(What is being asked):
Transcribe each line of the material as it is, and drop any picture.

(Raw data):
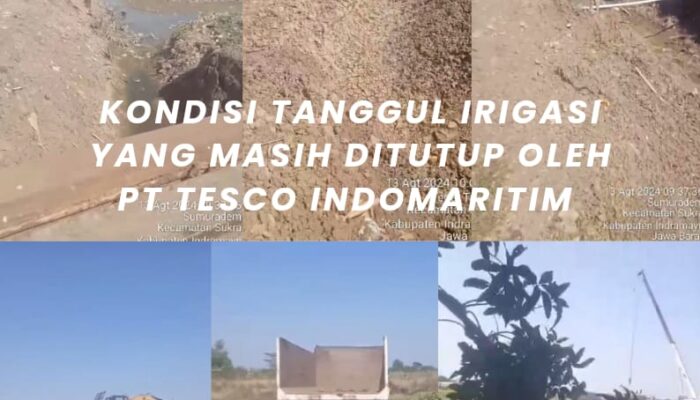 Kondisi Lahan Warga Terisolir Makin Parah Dimana Ketegasan DPMPTSP, dan Camat Setelah Memanggil Pihak PT Tesco Indomaritim, Aktivitas terus Berjalan?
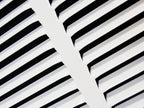 HVAC Premium 16 x 6 Duct Opening Steel Return Air Filter Grille, for 1-inch Filter, Removable Door, Flat Stamped HVAC Vent Cover Grille, Outer Dimensions 18.5 x 8.5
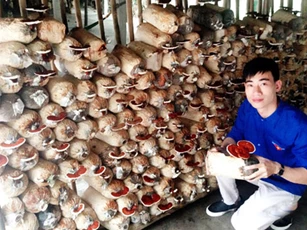 Thanh Hóa: Gặt thành công với mô hình trồng nấm an toàn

(Exercise response):
 Kondisi Lahan Warga Terisolir Makin Parah Dimana Ketegasan DPMPTSP, dan Camat Setelah Memanggil Pihak PT Tesco Indomaritim, Aktivitas terus Berjalan?
 HVAC Premium 16 x 6 Duct Opening Steel Return Air Filter Grille, for 1-inch Filter, Removable Door, Flat Stamped HVAC Vent Cover Grille, Outer Dimensions 18.5 x 8.5
 Thanh Hóa: Gặt thành công với mô hình trồng nấm an toàn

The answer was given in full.